(Source data)
★ ★ ★ ★ ★

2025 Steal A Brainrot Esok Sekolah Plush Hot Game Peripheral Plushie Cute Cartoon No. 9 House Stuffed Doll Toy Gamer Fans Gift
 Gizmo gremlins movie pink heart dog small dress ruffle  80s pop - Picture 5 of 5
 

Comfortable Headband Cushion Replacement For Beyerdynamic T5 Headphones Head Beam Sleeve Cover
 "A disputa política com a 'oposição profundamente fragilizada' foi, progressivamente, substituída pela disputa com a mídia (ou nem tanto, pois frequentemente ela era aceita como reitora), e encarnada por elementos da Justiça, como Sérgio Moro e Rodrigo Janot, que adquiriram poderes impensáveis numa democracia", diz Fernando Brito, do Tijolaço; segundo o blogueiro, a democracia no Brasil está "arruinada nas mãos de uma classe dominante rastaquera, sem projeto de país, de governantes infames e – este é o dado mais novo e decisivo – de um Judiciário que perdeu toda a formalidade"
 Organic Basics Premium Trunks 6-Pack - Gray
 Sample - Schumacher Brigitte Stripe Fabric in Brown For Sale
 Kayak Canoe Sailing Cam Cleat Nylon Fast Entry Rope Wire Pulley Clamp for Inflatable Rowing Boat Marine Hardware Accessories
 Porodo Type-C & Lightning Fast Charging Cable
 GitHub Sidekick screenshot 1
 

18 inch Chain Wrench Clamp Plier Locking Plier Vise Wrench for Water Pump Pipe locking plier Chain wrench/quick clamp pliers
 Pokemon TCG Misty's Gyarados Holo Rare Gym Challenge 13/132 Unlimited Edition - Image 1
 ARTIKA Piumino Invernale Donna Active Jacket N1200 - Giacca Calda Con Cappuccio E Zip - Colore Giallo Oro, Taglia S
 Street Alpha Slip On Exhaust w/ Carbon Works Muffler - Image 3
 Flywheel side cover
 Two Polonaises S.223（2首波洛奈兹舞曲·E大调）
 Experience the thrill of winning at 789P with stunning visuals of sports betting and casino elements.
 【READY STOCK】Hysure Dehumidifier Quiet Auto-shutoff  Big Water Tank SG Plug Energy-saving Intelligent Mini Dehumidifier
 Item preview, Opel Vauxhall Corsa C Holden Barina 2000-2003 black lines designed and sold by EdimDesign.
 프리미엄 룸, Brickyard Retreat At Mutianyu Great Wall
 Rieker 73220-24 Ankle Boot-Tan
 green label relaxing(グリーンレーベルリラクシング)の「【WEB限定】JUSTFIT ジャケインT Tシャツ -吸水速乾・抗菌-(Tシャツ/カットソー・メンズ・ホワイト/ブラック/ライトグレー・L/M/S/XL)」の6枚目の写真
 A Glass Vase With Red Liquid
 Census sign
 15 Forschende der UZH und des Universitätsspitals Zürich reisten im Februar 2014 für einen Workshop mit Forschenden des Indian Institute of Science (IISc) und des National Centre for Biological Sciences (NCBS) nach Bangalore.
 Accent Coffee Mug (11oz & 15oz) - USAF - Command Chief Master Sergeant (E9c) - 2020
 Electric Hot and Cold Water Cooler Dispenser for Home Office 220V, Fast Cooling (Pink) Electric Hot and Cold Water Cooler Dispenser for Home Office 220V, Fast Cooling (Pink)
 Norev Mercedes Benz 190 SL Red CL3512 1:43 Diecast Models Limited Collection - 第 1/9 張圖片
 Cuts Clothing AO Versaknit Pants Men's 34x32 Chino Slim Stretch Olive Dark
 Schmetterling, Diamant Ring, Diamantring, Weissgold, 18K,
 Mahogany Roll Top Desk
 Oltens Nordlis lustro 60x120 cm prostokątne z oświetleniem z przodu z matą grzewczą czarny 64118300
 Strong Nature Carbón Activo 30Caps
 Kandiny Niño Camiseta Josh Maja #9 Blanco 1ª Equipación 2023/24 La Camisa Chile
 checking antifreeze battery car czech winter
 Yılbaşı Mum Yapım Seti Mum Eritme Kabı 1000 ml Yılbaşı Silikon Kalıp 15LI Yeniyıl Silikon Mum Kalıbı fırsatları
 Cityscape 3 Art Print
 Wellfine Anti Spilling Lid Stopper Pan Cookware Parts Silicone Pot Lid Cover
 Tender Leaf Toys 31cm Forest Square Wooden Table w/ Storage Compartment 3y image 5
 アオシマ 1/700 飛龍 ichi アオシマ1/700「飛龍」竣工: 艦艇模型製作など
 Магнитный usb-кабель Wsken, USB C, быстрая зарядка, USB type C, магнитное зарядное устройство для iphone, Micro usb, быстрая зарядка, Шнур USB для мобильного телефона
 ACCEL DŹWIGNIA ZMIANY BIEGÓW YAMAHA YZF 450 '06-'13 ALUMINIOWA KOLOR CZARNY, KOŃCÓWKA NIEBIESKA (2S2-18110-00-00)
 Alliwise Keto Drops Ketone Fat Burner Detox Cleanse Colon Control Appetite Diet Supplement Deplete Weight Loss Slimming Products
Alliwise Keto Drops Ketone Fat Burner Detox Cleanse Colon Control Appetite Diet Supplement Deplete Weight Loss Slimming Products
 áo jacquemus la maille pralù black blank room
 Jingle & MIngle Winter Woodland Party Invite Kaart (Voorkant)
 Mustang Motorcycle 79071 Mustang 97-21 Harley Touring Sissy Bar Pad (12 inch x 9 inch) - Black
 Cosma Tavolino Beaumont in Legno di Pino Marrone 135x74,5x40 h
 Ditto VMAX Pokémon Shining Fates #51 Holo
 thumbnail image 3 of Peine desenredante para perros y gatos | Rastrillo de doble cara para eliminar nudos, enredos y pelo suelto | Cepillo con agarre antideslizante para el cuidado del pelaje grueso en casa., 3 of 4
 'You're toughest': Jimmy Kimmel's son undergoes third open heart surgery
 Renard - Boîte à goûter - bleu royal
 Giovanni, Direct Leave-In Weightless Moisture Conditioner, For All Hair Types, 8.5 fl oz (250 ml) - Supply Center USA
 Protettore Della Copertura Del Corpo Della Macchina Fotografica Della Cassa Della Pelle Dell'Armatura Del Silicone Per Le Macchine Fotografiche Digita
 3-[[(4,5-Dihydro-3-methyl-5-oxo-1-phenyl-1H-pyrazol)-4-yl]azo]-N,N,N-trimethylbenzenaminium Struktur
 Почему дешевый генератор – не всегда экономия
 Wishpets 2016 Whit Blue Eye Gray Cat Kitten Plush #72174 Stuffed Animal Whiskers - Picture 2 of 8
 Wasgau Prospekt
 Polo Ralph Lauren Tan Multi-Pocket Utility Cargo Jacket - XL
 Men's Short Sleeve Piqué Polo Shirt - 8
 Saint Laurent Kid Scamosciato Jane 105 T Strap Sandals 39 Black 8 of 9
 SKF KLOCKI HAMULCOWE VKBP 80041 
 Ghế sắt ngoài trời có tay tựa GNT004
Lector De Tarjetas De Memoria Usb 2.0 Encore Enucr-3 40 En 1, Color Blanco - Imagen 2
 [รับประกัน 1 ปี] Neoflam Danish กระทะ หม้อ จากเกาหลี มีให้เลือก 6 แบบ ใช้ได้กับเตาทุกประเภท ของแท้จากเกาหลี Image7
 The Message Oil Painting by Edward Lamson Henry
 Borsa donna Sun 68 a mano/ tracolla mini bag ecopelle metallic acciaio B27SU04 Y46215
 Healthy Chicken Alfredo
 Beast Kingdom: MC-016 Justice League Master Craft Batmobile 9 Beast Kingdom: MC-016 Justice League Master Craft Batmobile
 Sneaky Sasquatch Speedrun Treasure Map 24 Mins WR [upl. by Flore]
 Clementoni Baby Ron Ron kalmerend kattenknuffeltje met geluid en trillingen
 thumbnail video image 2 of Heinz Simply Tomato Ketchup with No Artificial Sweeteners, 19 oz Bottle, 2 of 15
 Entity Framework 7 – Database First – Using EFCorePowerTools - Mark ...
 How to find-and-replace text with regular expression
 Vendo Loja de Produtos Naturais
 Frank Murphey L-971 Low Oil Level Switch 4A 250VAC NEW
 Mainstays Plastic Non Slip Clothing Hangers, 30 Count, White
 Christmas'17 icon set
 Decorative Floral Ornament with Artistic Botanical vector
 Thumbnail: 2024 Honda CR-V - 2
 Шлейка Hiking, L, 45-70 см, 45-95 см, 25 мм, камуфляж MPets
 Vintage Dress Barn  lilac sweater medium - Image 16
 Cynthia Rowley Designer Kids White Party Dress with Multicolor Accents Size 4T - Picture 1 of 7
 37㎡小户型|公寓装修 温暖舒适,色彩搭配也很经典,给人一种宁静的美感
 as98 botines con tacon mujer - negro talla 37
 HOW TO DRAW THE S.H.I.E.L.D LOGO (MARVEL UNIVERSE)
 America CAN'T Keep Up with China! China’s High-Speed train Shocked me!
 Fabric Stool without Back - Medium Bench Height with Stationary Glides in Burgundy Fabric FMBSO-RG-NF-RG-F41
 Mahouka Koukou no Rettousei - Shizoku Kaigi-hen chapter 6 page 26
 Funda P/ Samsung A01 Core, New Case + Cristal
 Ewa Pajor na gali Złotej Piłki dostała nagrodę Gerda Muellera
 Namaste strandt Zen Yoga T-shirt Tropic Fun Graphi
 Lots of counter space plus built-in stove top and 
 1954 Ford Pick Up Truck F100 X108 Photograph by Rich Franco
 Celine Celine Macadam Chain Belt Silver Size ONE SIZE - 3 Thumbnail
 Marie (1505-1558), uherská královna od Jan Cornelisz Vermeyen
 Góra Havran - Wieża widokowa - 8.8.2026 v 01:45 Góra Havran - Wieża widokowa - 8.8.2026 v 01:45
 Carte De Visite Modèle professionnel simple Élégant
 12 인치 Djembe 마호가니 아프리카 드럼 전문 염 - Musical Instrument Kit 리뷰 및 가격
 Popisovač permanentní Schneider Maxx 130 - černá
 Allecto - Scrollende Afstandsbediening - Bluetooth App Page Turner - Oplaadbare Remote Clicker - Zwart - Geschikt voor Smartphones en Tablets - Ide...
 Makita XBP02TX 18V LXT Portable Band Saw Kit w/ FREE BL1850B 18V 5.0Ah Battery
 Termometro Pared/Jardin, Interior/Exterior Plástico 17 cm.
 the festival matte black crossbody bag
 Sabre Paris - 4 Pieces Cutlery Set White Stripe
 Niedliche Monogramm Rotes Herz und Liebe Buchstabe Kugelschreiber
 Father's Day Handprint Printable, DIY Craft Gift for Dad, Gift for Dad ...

★ ★ ★ ★ ★

### What to do
Return the span of lines in the data above that opens at the line with "Vintage Dress Barn  lilac" and closes at the line with "Popisovač permanentní Schneider", exactly, ends included, nothing else.

### Answer section
 Vintage Dress Barn  lilac sweater medium - Image 16
 Cynthia Rowley Designer Kids White Party Dress with Multicolor Accents Size 4T - Picture 1 of 7
 37㎡小户型|公寓装修 温暖舒适,色彩搭配也很经典,给人一种宁静的美感
 as98 botines con tacon mujer - negro talla 37
 HOW TO DRAW THE S.H.I.E.L.D LOGO (MARVEL UNIVERSE)
 America CAN'T Keep Up with China! China’s High-Speed train Shocked me!
 Fabric Stool without Back - Medium Bench Height with Stationary Glides in Burgundy Fabric FMBSO-RG-NF-RG-F41
 Mahouka Koukou no Rettousei - Shizoku Kaigi-hen chapter 6 page 26
 Funda P/ Samsung A01 Core, New Case + Cristal
 Ewa Pajor na gali Złotej Piłki dostała nagrodę Gerda Muellera
 Namaste strandt Zen Yoga T-shirt Tropic Fun Graphi
 Lots of counter space plus built-in stove top and 
 1954 Ford Pick Up Truck F100 X108 Photograph by Rich Franco
 Celine Celine Macadam Chain Belt Silver Size ONE SIZE - 3 Thumbnail
 Marie (1505-1558), uherská královna od Jan Cornelisz Vermeyen
 Góra Havran - Wieża widokowa - 8.8.2026 v 01:45 Góra Havran - Wieża widokowa - 8.8.2026 v 01:45
 Carte De Visite Modèle professionnel simple Élégant
 12 인치 Djembe 마호가니 아프리카 드럼 전문 염 - Musical Instrument Kit 리뷰 및 가격
 Popisovač permanentní Schneider Maxx 130 - černá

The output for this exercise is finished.